Publication

Sixty Second Summary

RPI reform

26 Nov 2020

The results of the Consultation on the reform of the Retail Price Index (RPI) were announced on 25th November 2020. It confirms that RPI will be aligned with CPIH as proposed, but not before 2030 and no compensation is being offered to index-linked gilt holders.

Following our recent publication outlining the main issues relating to proposals to reform RPI, the Consultation results just announced remove most of the uncertainty about the future of RPI. The key points are:

  • RPI will be aligned to CPIH
  • The change is expected to occur in 2030
  • No compensation is being offered to holders of index-linked gilts

Implications for pension schemes

Aligning RPI to CPIH is expected to reduce the rate of inflation linked to assets and liabilities that reference RPI. However, the impact on a pension scheme’s funding level depends on the value of liabilities that are linked to RPI and the proportion of those liabilities backed by RPI-linked assets. The difference between RPI and CPIH is significant and historically has been in the region of 1% pa. This has a material impact on long dated RPI-linked assets and liabilities.

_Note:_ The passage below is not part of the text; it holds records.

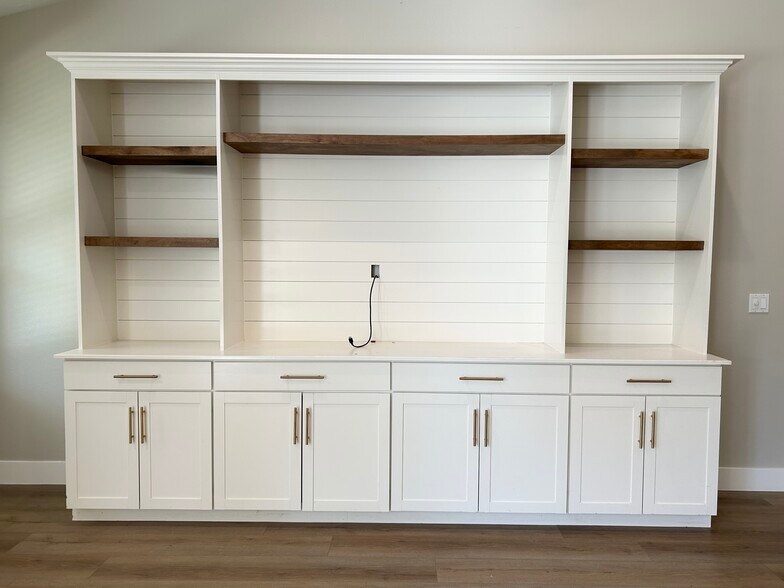 Building Photo - 5535 N Lolo Pass Ave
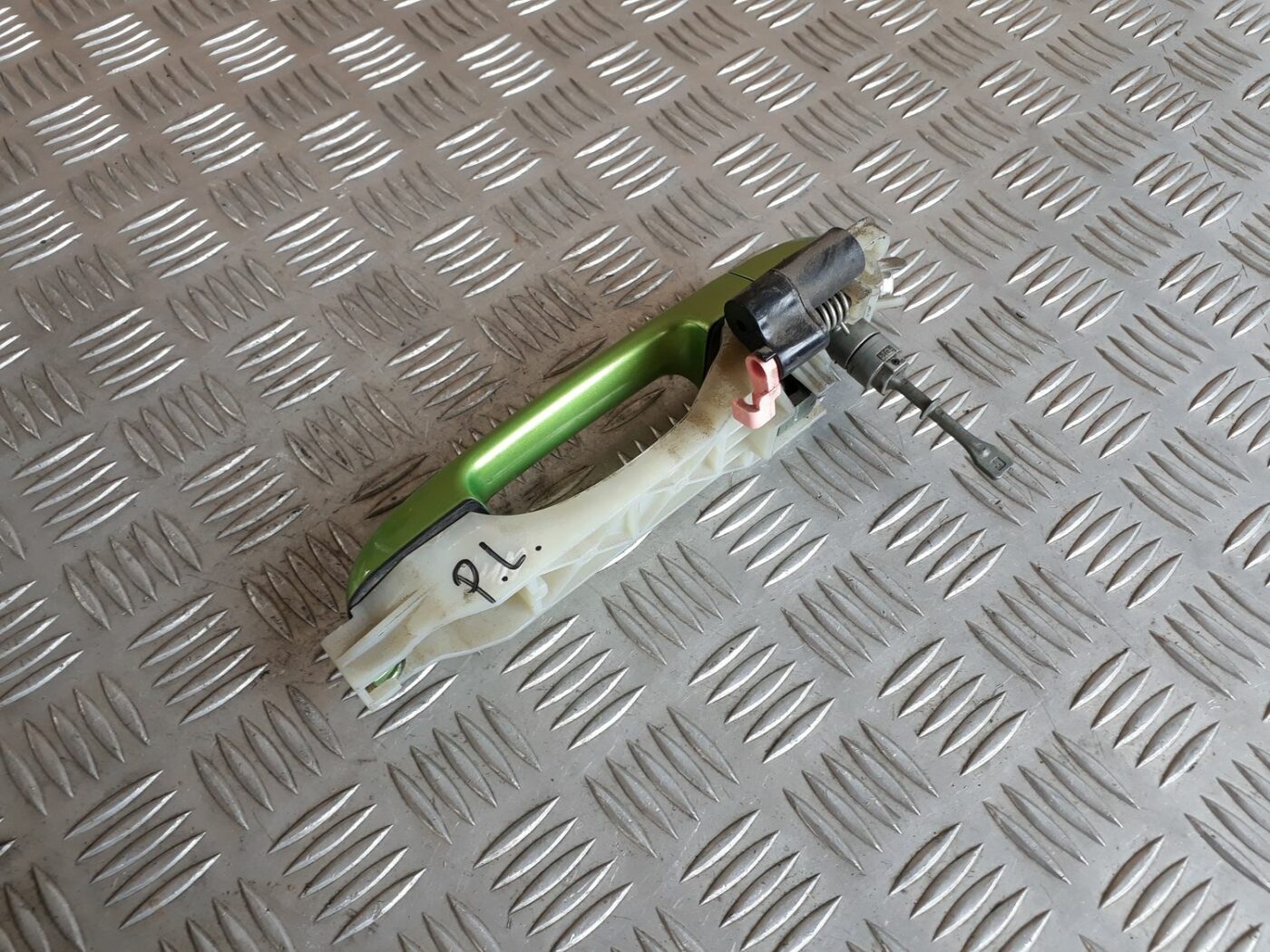 Priekšējāis labais durvju rokturis priekš HYUNDAI I20 2011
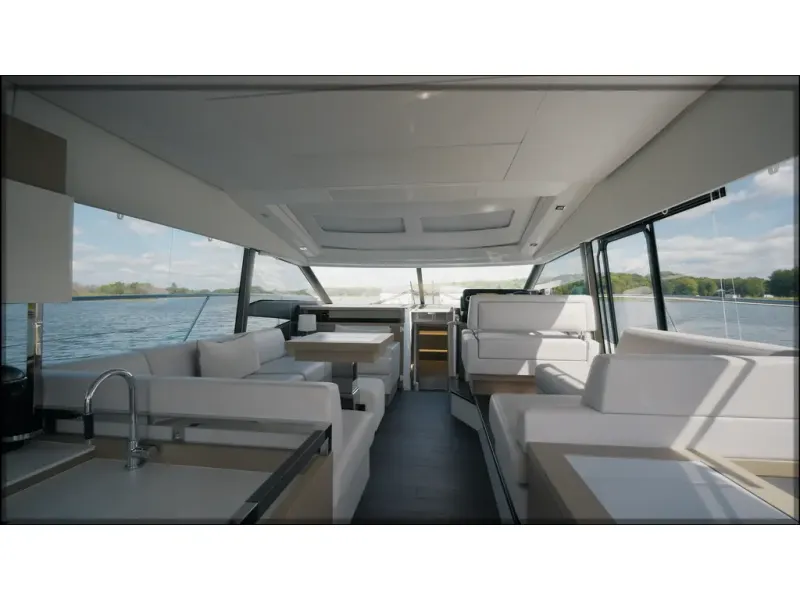 Slide: The Image of Prestige Yachts 520S 2018 - 19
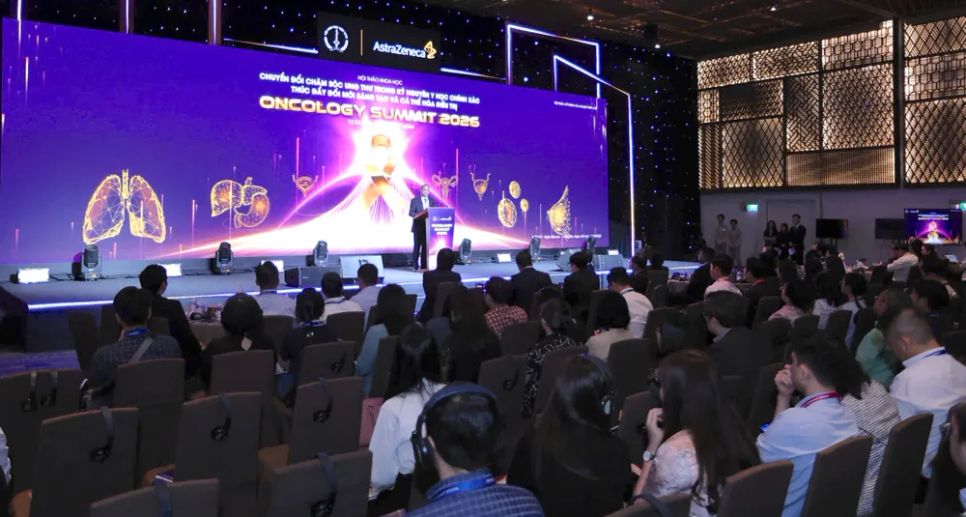 Hội thảo Kỷ nguyên mới trong điều trị ung thư phổi quy tụ đông đảo chuyên gia đầu ngành. Hội thảo Kỷ nguyên mới trong điều trị ung thư phổi quy tụ đông đảo chuyên gia đầu ngành.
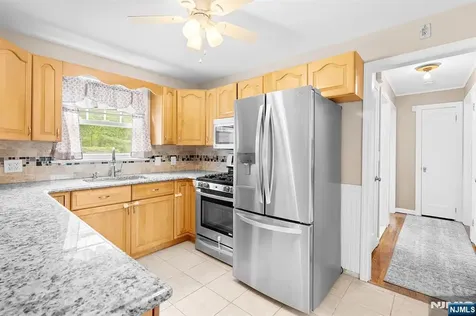 3 Roy Avenue Bloomingdale NJ 07403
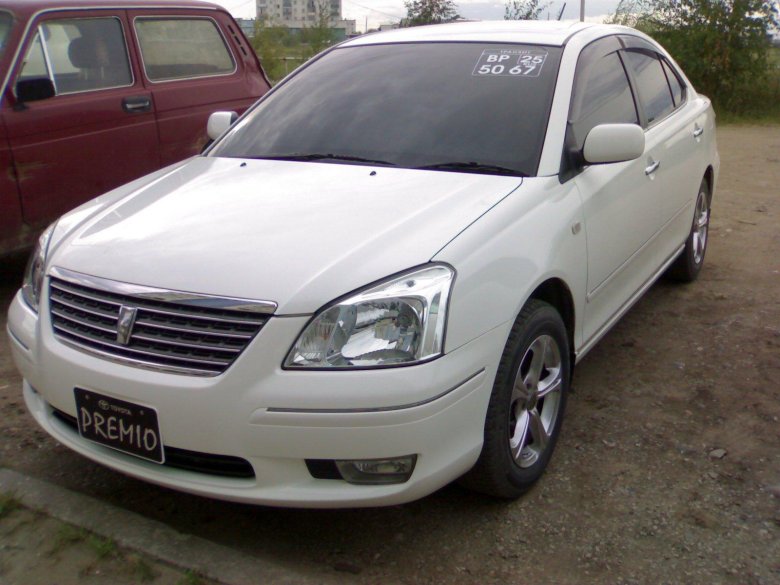 Toyota premio 2004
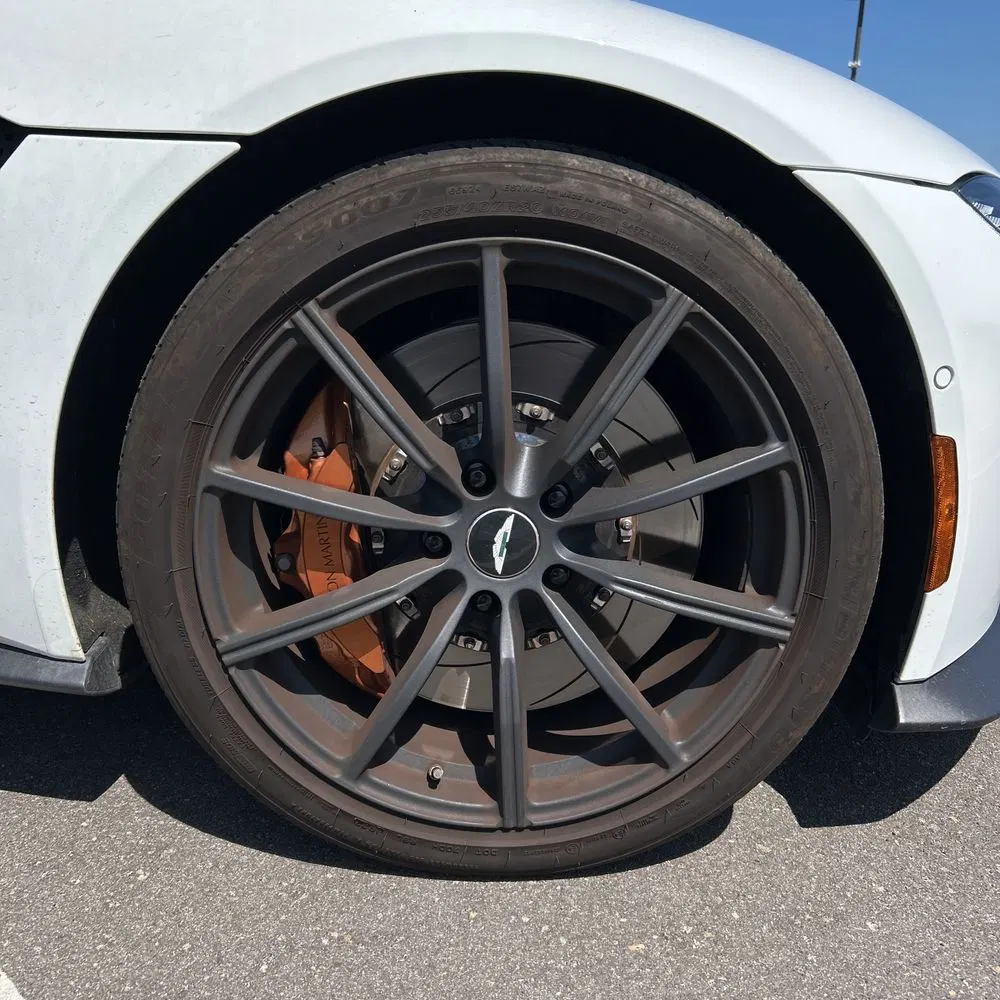 2020 Aston Martin Vantage Base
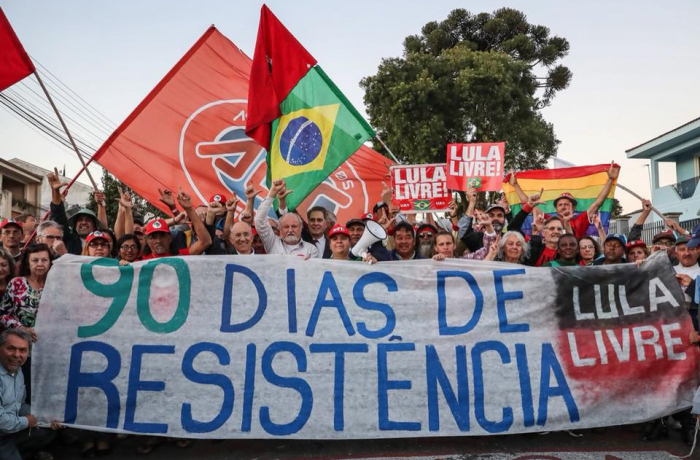 Imagem de Vigília Lula Livre completa três meses de resistência por justiça e democracia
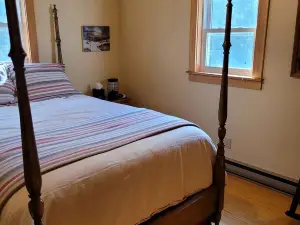 White mountain getaway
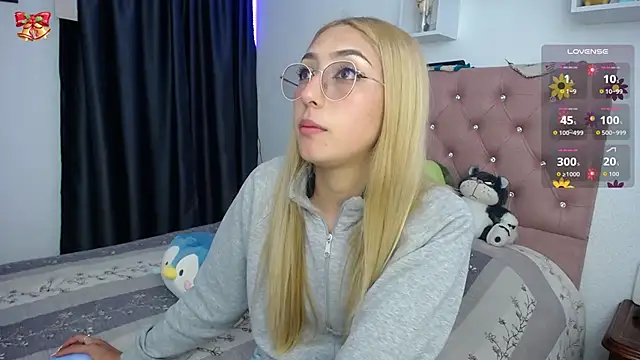 Soffy-brooks online show from December 15, 3:33 am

In anticipation of this outcome, liabilities and assets linked to RPI had already been re-pricing downwards, and we expected a further fall in value given the announcement (ignoring changes in interest rates and other factors), though early indications are that the market reaction has been fairly muted and in the opposite direction. This suggests that the market may have already been close to fully pricing in the outcome and other factors at the margin caused a modest re-pricing upwards. The charts below show the market levels during the day of the announcement, sourced from Bloomberg.

Even though some schemes may not be materially affected or could even benefit financially from this development, pensioners with RPI-linked pension increases should expect to see their pension incomes grow at a slower rate as a result.

Our view

We were one of the respondents to this Consultation and urged the authorities to consider how best to implement such a change in order to minimise the many issues that this creates. One of our biggest disappointments is that on the one hand pension schemes are encouraged to invest prudently and on the other hand some of them will be penalised by this change.

There are however some positive aspects to the announcement:

  • It brings clarity to the problem of RPI
  • Pushing the implementation date back to 2030 at least reduces the impact, when there was a possibility that the implementation date could have been set as early as 2025
  • The Consultation responses seem to have been properly considered and it was acknowledged that a large number of respondents were against the change and some pension schemes would be negatively impacted
  • The Government stated it will continue to keep this matter under review given the number of responses from pension schemes, which may give some a glimmer of hope that further developments are possible between now and 2030

Although we do not agree that this has been the best way to reform RPI, we are grateful to our clients who took the trouble to engage in this matter and respond to the Consultation.

Next steps

For many pension schemes, there may not be any immediate actions to take as a result.

A small number of schemes may have taken some action over the past year or two when uncertainty about RPI started to resurface. This may have included adjusting their inflation hedging programme. These programmes should now be reviewed in the light of this announcement.

Schemes invested in Network Rail bonds should also review these holdings as investors in these bonds have different legal protections against changes in RPI compared with index-linked gilts. There is an expectation that Network Rail bonds are likely to be compensated for changes in RPI, however, this has not been legally proven so holders of these bonds (and prospective buyers) should consider whether the yields currently on offer from these bonds fairly reflect the balance of likelihoods between the potential for full compensation and the risk that this does not materialise as expected.

On liability valuations, there will be implications for inflation assumptions used across funding, accounting and member option terms (such as transfer values). In particular, with assumptions for CPI typically set as RPI less a fixed deduction, revisions are likely to be needed to ensure the RPI-CPI wedge remains reasonable if these have not yet been adjusted. Schemes should take note of whether revised assumptions for future RPI levels are fully allowed for in liability valuations for ongoing monitoring.